Pesantren.id – Urgensi terkait fikih perempuan menjadi sebuah diskursus tersendiri yang terus berkembang seiring dengan problematika yang dijumpai pada zaman ini. Moh. Habibulloh selaku penulis buku “Fikih Perempuan: Keadilan dan Kesetaraan dalam Islam” berkolaborasi dengan Dunia Santri Community untuk membedah bukunya. Buku tersebut dibedah oleh para pakar seperti KH. Husein Muhammad, Ning Hj. Imas Fatmah Zahro, dan Dr. Amin Mudzakkir via Zoom Meeting. (19/03/2024).
Bedah buku yang yang mengangkat isu-isu penting seputar fikih dalam konteks perempuan di buka oleh Dr. Abdulloh Hamid selaku Direktur Dunia Santri Community. Beliau menyampaikan bahwa acara ini bertujuan untuk menjelajahi konsep-konsep keadilan dan kesetaraan dalam Islam.
Selanjutnya Buya Husein Muhammad selaku pembicara pertama mengapresiasi akan hadirnya buku ini sebagai diskursus studi gender. Namun, beliau memiliki banyak catatan dalam pandangan-pandangan yang tertuang dalam buku tersebut. Salah satunya, tentang keunggulan kecerdasan laki laki, sedangkan beliau menulis buku tentang ulama perempuan dalam panggung sejarah yang membahas fakta bahwa dalam beberapa kesempatan ada perempuan yang kecerdasannya mengungguli laki-laki pada zamannya.

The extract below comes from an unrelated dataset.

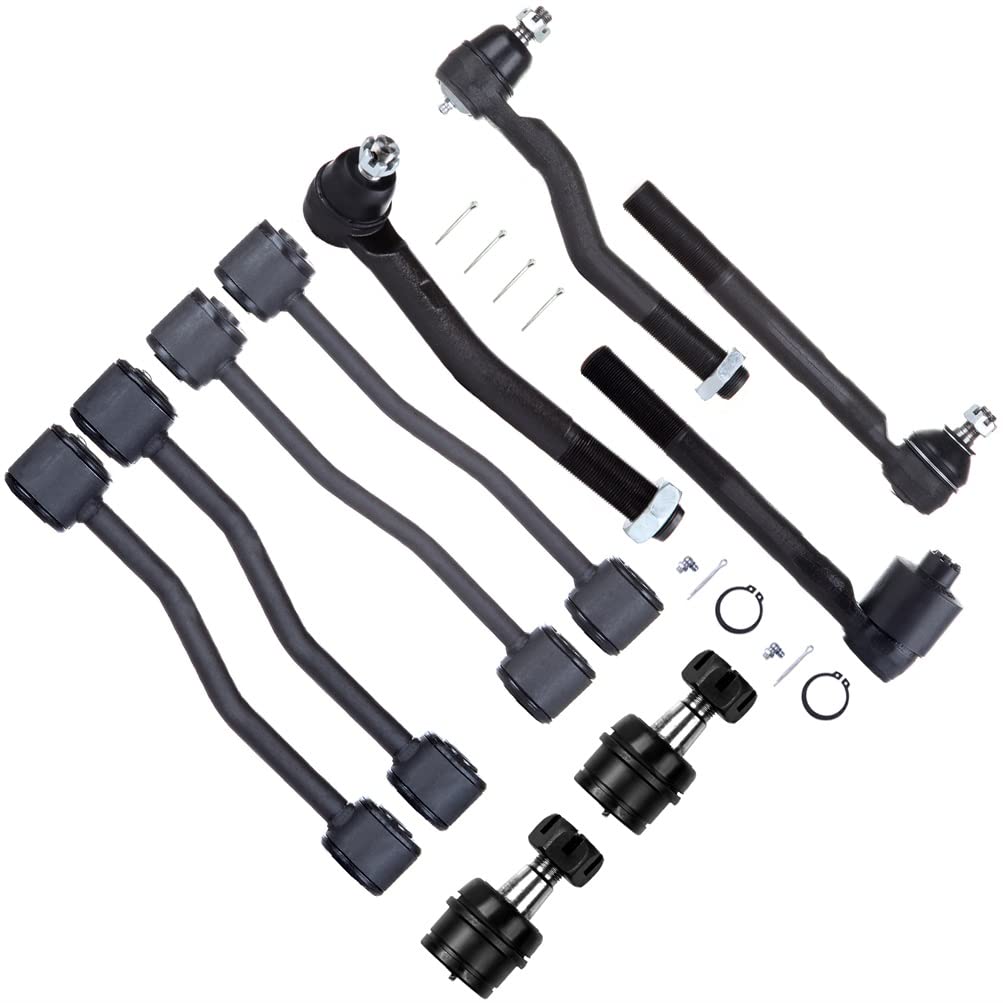 SCITOO 10-PC Suspension Kit for Jeep Grand Cherokee 1999-2004 - Off-Road & Daily Driving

Pada kesempatan berikutnya penulis buku menyampaikan bahwa buku ini ditulis karena merasa resah dengan fakta bahwa ketidakadilan yang terjadi kepada perempuan didasarkan karena kesalahfahaman terhadap teks keagamaan. Hal ini dikarenakan ada hadis yang menjelaskan bahwa Rasulullah tidak pernah sama sekali memukul perempuan dan hamba sahayanya.
“Begitu juga dalam kasus Ijbar (pemaksaan) seorang wali terhadap anak perempuannya yang merupakan pemahaman fikih yang disalahfahami. Karena menurut hasil diskusi para ahli fikih menjelaskan bahwa Ijbar memiliki definisi membimbing dengan kasih sayang. Fikih juga menjelaskan bahwa seorang wali meminta persetujuan kepada anak perempuan agar sesuai dengan kebahagiaannya.” ujar Habibulloh.
Hal menarik juga diungkapkan oleh Dr. Amin Mudzakir. Beliau menjelaskan bahwa buku ini merupakan bagian dari Islamic Feminisme. Uniknya para pemikir tentang Gender justru adalah laki-laki. Hal ini menjadi pertanyaan besar, kenapa perempuan tidak terlibat dalam kepenulisan buku ini?. Tentunya ketika perempuan terlibat akan jauh lebih relate dengan tantangan yang dihadapi perempuan.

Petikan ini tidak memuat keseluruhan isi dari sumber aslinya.